Once I had Jacob and Luca I knew I needed a girl to stir up trouble. So along came Ellen. With a tougher upbringing than either Jacob or Luca, Ellen is the anchor of the trio. She’s grounded, nurturing, loyal, perceptive, intuitive and unfailingly optimistic. When there is chaos (and where Jacob and Luca are concerned there usually is) Ellen is the one who cuts through it to the truth. But sometimes she lets her heart rule her head and it gets her into trouble.

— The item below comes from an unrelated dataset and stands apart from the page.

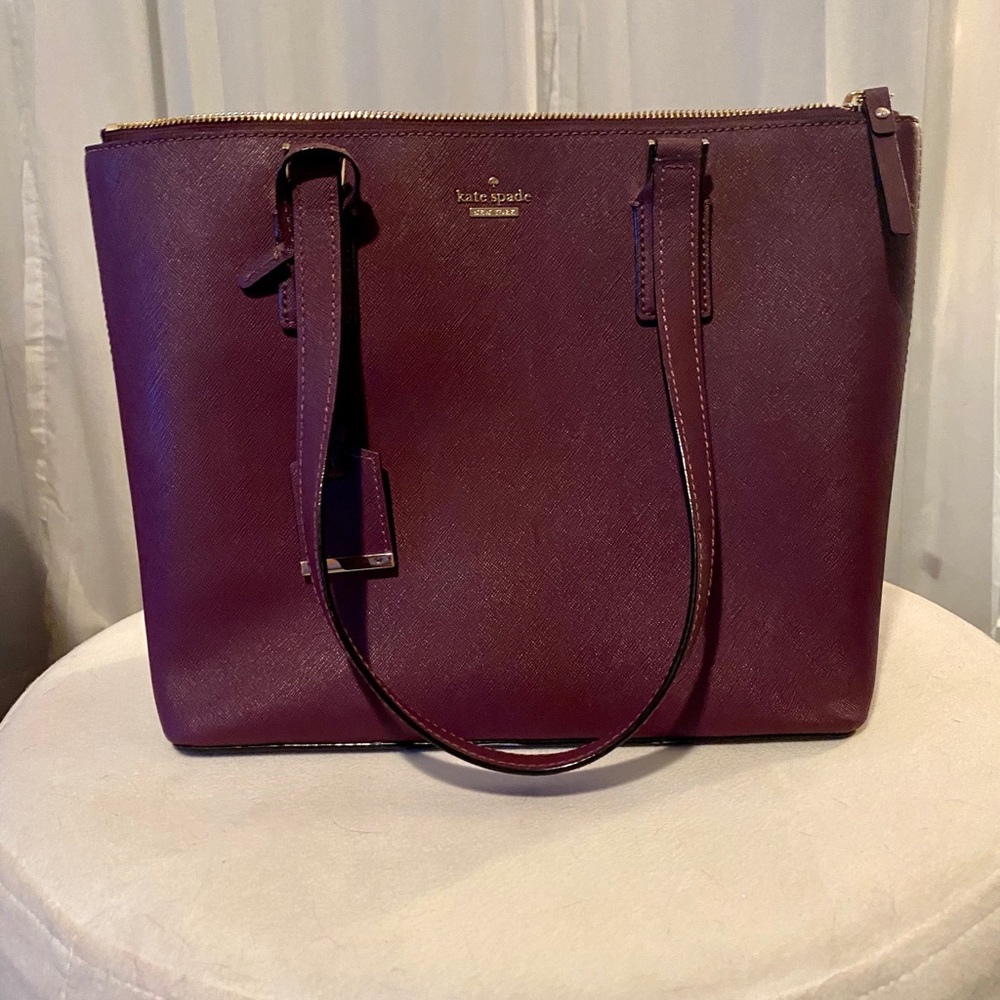 Kate Spade maroon tote bag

I hope you get to know them all and love them like I do. As I do the final edits on the final book of the trilogy any time now, I might shed a little tear. After all, they’ve been with me for six years and they’re like members of my family. But, as a good friend once said to me, every time another reader gets to know your characters, they breathe on their own a little more. I think I know what she means. I just hope I don’t end up having to give them mouth-to-mouth…

My Little Italian Boy

When I was about five or so, I had a friend at school.  He was an Italian boy, a head of thick, dark hair and eyes like melted chocolate.  He was funny too, I giggled constantly whenever he was around.  I had a massive crush on him, one of those kiddie crushes where you feel some sort of attraction to someone without really understanding what it is you feel.  Then, one day I got to school and he wasn’t there.  He never came back and I never found out where he went.  It was a long time ago, and I still think of him surprisingly often.  But Time, as is its cruel way, has faded many of the memories.  To my shame, I can’t even remember his name. So what does a writer do to keep the ones that are still left? I made him into a book character.

For Sky Song I grew my little Italian boy up and called him Luca.  That’s Gianluca to his mum, of course, who adores him. He’s gorgeous, naturally, an outrageous flirt with a razor-sharp wit.  His enthusiasm for life is infectious, as is his humour. He’s the class joker who doesn’t think beyond his next gag.  But he’s a loyal and true friend with the heart of a lion and a hidden depth of keen intelligence.  A boy just waiting for the right moment to be glorious. Exactly the sort of boy you want on your side when you’re saving the universe.

So, ciao, my little Italian boy, wherever you are.  I hope you like your imaginary self.